Requirement
All lines before the one containing "image number 6", plus that line itself, are to be printed exactly as they appear below.

◇ ◇ ◇

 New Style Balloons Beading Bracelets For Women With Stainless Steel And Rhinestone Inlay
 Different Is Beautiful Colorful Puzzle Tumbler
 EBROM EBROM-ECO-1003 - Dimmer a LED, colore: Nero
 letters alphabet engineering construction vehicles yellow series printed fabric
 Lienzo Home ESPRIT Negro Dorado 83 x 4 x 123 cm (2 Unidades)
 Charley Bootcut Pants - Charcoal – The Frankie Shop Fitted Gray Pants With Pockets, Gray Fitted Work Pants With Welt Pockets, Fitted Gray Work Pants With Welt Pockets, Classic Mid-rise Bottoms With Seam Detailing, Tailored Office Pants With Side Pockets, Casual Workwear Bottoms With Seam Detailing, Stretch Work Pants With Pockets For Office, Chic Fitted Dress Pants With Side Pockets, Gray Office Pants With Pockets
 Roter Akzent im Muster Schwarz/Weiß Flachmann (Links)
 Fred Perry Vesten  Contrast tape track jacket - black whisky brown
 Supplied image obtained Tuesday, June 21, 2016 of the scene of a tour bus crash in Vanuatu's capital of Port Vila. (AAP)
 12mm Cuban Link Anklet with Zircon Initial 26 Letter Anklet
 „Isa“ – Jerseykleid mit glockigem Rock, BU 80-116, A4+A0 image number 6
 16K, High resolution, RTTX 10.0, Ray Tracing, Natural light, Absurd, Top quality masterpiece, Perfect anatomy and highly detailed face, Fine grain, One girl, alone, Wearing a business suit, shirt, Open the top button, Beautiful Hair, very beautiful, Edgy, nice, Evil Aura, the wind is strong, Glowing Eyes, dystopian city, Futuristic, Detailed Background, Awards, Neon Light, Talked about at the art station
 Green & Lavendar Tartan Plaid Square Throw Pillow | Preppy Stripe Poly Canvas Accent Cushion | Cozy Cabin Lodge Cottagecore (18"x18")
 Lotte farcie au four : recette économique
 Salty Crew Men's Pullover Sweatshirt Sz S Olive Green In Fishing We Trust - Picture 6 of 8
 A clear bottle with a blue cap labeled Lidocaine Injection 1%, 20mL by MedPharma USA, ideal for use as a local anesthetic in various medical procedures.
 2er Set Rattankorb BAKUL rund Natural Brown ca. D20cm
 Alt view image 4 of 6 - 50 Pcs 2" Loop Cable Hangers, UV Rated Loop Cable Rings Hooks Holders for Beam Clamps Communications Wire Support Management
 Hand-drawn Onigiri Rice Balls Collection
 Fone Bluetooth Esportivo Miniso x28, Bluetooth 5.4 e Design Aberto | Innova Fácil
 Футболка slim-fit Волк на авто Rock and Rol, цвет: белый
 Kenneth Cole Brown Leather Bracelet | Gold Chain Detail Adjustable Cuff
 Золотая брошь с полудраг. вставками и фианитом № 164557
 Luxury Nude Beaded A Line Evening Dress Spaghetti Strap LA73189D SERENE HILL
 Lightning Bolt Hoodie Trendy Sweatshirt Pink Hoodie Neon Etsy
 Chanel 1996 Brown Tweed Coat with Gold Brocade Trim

◇ ◇ ◇

Problem solution
 New Style Balloons Beading Bracelets For Women With Stainless Steel And Rhinestone Inlay
 Different Is Beautiful Colorful Puzzle Tumbler
 EBROM EBROM-ECO-1003 - Dimmer a LED, colore: Nero
 letters alphabet engineering construction vehicles yellow series printed fabric
 Lienzo Home ESPRIT Negro Dorado 83 x 4 x 123 cm (2 Unidades)
 Charley Bootcut Pants - Charcoal – The Frankie Shop Fitted Gray Pants With Pockets, Gray Fitted Work Pants With Welt Pockets, Fitted Gray Work Pants With Welt Pockets, Classic Mid-rise Bottoms With Seam Detailing, Tailored Office Pants With Side Pockets, Casual Workwear Bottoms With Seam Detailing, Stretch Work Pants With Pockets For Office, Chic Fitted Dress Pants With Side Pockets, Gray Office Pants With Pockets
 Roter Akzent im Muster Schwarz/Weiß Flachmann (Links)
 Fred Perry Vesten  Contrast tape track jacket - black whisky brown
 Supplied image obtained Tuesday, June 21, 2016 of the scene of a tour bus crash in Vanuatu's capital of Port Vila. (AAP)
 12mm Cuban Link Anklet with Zircon Initial 26 Letter Anklet
 „Isa“ – Jerseykleid mit glockigem Rock, BU 80-116, A4+A0 image number 6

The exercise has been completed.